Rowan student plans graduation so Iraqi vet father can attend ceremonyMay 01, 2009
Forget the cap and gown, the diploma and the classmates cheering. Forget the crowds, the speeches and the pats on the back. Forget the party even.
There’s one thing above all else Charles “Chuck” Grinnell, 24, of Howell, Monmouth County, wanted for his graduation from Rowan University (Friday, May 15, at 10 a.m.). That was his father to attend.
Army Reserve Lieutenant Col. Charles Grinnell, 53, a lawyer in the Judge Advocate General Corps, was deployed to Iraq in 2003. While he’s been back in New Jersey since mid 2005, his son made sure Grinnell Senior could be at his oldest boy’s commencement by scheduling his classes so he would graduate when he was confident his dad would be in the States. Just when he thought he had it figured out, his father was again deployed to Iraq in January 2007 for yet another year-long tour of duty investigating and prosecuting terrorists, insurgents and members of Al Qaida in the Central Criminal Court of Iraq.

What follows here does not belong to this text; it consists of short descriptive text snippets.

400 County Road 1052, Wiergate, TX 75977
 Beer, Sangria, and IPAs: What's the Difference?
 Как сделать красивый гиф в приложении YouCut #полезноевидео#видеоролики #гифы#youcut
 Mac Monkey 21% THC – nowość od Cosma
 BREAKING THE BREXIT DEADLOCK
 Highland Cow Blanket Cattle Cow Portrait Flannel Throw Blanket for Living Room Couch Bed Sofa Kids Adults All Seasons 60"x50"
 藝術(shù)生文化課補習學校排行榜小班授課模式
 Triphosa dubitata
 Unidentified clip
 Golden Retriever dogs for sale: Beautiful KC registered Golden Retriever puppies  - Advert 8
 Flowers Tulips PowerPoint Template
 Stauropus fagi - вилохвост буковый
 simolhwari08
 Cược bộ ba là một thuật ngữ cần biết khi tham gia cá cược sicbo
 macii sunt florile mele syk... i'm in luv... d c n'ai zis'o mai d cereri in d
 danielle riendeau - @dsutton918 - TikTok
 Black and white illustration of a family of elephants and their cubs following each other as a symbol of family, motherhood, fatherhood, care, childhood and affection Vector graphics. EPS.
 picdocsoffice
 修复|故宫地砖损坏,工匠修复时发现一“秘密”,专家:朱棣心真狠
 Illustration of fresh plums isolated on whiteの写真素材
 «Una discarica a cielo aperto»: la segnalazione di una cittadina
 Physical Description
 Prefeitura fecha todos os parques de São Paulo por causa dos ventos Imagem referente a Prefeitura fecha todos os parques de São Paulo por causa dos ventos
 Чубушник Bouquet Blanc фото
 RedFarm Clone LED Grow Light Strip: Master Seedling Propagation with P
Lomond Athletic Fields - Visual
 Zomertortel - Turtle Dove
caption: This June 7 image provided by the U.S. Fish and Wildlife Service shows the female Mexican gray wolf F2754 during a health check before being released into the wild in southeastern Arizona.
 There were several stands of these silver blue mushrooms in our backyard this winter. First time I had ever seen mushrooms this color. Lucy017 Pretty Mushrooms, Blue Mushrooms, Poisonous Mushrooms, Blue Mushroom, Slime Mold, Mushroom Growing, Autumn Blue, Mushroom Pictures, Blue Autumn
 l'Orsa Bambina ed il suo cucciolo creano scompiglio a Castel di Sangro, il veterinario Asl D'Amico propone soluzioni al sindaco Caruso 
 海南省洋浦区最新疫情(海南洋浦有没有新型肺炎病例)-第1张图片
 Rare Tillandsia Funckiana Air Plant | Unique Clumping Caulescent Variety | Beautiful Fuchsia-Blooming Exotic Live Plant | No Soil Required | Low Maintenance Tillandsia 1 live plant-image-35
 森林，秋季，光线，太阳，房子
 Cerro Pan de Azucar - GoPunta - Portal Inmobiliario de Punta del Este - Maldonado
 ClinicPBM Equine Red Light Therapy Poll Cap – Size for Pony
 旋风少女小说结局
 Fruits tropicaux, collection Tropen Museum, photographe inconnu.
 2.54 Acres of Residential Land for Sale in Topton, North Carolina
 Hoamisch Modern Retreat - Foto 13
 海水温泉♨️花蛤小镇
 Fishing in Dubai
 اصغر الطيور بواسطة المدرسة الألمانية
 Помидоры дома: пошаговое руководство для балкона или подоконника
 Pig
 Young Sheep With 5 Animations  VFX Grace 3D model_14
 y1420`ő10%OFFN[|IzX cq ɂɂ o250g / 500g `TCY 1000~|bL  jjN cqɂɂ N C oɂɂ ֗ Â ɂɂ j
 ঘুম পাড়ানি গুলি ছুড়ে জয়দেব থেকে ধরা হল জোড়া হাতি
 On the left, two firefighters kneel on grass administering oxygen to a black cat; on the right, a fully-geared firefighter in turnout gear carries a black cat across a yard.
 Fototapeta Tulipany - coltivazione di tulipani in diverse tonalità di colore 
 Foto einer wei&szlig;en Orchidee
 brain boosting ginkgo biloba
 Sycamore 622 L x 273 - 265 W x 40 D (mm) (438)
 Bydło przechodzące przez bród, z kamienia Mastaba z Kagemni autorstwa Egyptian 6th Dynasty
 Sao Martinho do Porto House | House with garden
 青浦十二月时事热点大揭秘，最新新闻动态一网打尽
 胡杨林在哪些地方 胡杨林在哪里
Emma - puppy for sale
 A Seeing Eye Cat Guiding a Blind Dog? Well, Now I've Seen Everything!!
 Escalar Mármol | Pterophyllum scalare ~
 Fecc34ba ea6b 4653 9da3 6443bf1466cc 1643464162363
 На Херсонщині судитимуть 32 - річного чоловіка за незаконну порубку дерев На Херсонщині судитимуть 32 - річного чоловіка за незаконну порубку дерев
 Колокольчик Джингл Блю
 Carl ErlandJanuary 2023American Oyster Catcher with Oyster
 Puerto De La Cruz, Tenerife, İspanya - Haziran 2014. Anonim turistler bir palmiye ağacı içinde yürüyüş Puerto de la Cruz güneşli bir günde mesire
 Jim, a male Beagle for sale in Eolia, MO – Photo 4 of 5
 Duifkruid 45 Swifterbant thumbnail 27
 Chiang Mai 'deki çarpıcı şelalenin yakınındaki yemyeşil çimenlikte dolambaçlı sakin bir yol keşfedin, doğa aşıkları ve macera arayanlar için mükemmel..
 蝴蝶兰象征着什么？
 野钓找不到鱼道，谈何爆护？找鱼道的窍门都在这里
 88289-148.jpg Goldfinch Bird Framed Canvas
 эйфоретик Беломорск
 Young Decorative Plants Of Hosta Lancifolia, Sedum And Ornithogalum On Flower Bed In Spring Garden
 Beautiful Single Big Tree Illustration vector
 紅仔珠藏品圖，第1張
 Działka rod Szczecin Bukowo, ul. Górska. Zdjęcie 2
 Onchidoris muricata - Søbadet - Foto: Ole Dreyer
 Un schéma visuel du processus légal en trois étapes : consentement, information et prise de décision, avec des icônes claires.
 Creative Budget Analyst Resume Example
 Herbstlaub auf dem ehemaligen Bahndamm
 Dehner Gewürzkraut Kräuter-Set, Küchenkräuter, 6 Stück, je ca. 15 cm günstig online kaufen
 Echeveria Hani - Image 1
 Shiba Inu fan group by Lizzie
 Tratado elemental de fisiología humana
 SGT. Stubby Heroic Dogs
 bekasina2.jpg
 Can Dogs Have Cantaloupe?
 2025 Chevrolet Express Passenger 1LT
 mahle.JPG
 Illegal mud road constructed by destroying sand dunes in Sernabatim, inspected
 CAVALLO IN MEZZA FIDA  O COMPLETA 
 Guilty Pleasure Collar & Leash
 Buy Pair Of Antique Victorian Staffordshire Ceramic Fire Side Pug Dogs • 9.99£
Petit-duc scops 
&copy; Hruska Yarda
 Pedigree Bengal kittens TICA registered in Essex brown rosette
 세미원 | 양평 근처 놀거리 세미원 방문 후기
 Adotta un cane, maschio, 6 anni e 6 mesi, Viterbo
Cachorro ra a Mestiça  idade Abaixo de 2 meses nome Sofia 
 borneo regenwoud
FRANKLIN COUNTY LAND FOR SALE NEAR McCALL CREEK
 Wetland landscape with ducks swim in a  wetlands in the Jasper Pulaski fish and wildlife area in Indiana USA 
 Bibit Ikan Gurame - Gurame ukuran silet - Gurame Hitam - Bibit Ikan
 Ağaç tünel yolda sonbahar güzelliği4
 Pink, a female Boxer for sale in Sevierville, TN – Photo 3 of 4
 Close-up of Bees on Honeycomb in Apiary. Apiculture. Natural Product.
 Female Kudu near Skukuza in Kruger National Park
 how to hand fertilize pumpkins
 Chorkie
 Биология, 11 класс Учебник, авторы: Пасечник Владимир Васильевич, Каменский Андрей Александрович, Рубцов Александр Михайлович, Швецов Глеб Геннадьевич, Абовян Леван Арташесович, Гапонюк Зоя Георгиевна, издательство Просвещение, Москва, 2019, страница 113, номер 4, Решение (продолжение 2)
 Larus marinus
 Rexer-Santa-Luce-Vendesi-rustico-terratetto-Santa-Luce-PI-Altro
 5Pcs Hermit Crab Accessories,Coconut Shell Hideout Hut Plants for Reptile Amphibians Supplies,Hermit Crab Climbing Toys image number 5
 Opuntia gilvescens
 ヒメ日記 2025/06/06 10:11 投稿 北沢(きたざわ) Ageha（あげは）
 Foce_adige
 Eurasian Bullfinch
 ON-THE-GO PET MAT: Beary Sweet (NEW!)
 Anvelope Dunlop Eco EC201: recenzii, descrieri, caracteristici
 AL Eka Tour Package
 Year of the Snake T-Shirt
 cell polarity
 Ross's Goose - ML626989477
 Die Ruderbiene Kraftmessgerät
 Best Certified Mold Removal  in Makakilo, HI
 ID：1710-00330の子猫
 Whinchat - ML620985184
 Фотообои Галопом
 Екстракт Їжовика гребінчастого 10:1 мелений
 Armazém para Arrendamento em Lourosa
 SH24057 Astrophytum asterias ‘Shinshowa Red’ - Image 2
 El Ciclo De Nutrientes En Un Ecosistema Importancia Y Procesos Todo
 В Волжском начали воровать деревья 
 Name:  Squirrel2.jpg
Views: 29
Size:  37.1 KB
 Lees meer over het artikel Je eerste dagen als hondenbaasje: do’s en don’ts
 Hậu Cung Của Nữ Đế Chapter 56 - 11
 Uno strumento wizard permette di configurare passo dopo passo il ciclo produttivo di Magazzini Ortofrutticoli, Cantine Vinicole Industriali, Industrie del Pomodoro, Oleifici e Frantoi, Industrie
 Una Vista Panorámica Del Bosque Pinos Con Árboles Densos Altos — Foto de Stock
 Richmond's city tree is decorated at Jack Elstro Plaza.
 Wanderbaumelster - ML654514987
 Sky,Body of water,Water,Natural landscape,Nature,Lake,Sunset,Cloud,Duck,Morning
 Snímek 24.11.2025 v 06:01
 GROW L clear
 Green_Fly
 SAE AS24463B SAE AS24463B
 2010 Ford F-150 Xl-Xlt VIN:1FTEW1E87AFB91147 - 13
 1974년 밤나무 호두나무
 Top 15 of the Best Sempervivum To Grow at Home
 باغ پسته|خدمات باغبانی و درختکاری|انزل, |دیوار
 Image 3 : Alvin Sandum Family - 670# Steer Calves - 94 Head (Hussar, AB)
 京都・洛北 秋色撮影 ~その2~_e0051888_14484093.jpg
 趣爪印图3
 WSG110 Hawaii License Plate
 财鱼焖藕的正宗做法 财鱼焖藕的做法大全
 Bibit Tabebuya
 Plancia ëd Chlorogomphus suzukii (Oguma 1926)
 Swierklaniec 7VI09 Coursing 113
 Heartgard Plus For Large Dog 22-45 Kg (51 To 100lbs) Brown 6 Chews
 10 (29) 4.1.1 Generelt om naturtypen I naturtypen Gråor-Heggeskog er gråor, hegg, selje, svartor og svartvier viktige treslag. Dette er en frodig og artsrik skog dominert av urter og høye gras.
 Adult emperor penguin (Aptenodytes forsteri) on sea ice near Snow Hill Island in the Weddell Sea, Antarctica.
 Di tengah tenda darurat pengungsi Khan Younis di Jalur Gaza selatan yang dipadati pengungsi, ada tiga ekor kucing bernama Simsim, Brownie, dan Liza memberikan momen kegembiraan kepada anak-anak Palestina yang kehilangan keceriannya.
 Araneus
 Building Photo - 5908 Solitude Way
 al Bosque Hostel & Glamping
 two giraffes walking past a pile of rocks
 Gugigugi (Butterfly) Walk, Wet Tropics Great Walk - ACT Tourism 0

The younger Grinnell, a political science and law/justice major, attended school part time at one point in order to push graduation to this year. “When my father got back there was about a nine-month period where they do debriefing. The Army has certain things you do when you first come back to reintegrate you,” the Rowan student said. “At the end of that time, my parents decided to divorce. Since then he’s remarried, again returned from Iraq and now that everything with the whole family is going in a positive direction, it’s time to graduate.”
The younger Grinnell, who was vice president of the student Republican Club and a member of the campus Advising Committee, said that while his father was in the war zone he was “naturally worried.’ He said, “I’m the first-born son. But Dad’s outlook on being in a war zone is ‘It’s fate. There’s a certain aspect of destiny that’s involved.’” And the son agrees.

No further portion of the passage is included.